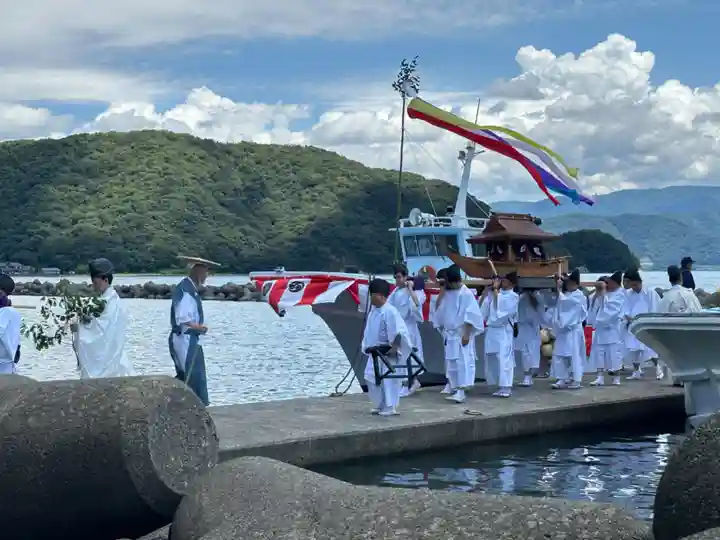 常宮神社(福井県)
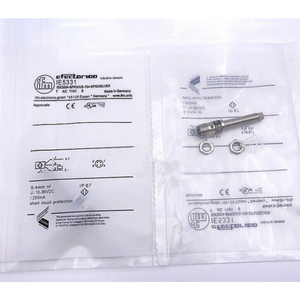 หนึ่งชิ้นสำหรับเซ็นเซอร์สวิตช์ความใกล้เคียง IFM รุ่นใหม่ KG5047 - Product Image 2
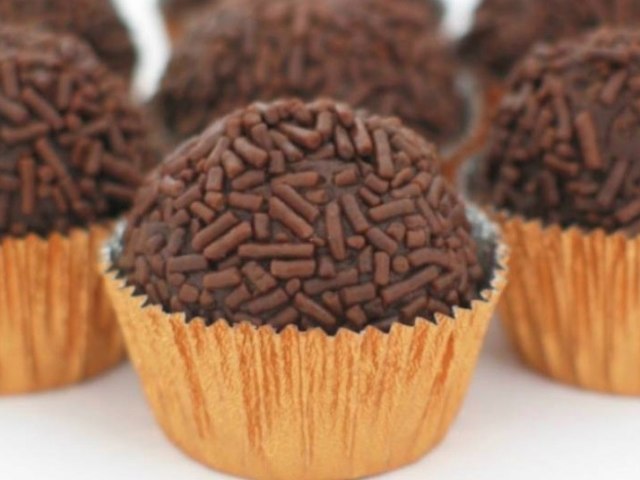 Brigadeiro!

★ ★ ★ ★ ★

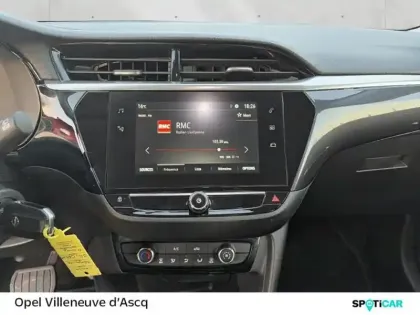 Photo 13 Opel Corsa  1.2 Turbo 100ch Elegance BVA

★ ★ ★ ★ ★

### Problem description
The output is the stretch above from the line with "หนึ่งชิ้นสำหรับเซ็นเซอร์สวิตช์ความใกล้เคียง IFM รุ่นใหม่" through the line with "Brigadeiro!", copied word for word with both ends kept and every picture dropped.

### Task answer
 หนึ่งชิ้นสำหรับเซ็นเซอร์สวิตช์ความใกล้เคียง IFM รุ่นใหม่ KG5047 - Product Image 2
 Brigadeiro!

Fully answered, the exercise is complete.